Toda pessoa é única (não existem duas iguais, por mais semelhanças que possam ter) e todo conflito é singular, pois os fatores que o originaram nunca são totalmente idênticos e, se o são, os desdobramentos poderão tomar rumos inusitados. Pense nisso da próxima vez em que tiver de “solucionar” um conflito sobre o qual você ache que já sabe tudo a respeito por já ter enfrentado situações iguais e pessoas parecidas.

9 – Mantenha a calma.

Mantenha a calma, não reaja mal às más-notícias e, sobretudo, não se irrite se alguém discordar de seu ponto de vista. Administrar conflitos significa também administrar a si mesmo e ao seu humor – ambiguidades, incertezas e atitudes passionais fazem parte do processo conflitual, principalmente nos estágios mais agudos. Mantenha a cabeça fria e segure a mão firme no leme, sem perder o controle da situação, e tenha uma atitude de tranquilidade e confiança. Devido a essa postura, os outros aceitarão sua liderança e passarão a confiar em você.

Escolha sempre o momento mais adequado para tratar do assunto conflitante. Conserve o objeto da discórdia exclusivamente entre os envolvidos e abstenha-se de fazer propaganda, fofoca ou lançar boatos a respeito. Se a situação estiver muito confusa e os ânimos exaltados, às vezes é bom dar um tempo, para que as cabeças esfriem. Convoque uma reunião para mais tarde ou para o dia seguinte e, enquanto isso, faça o seu dever de casa e analise bem a situação para estabelecer sua estratégia de abordagem.

1 O – Quando estiver errado, reconheça o erro.

isso não vai diminuí-lo ou torná-lo vulnerável, como muitos supõem. Pelo contrário, você provocará o respeito dos outros por demonstrar que o seu interesse não é provar que você é perfeito ou infalível, mas sim buscar a melhor solução para o conflito, mesmo que, para isso, você tenha que admitir que cometeu um erro.

11 – Não varra os problemas para debaixo do tapete.

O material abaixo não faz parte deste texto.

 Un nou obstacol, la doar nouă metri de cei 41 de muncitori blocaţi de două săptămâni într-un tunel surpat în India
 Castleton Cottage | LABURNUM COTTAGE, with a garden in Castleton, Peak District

Se houver um conflito enfrente-o, usando para isso a abordagem que melhor se coadune com o momento. Não ignore a situação, nem contemporize achando que o tempo sanará o desentendimento. O tempo quase sempre só agravará a discórdia. Pode, no entanto, haver situações especiais em que é mais vantajoso não encarar o conflito do que enfrentá-lo, pois a relação custo-benefício seria desfavorável. Neste caso use o seu bom senso para discernir quando fazê-lo.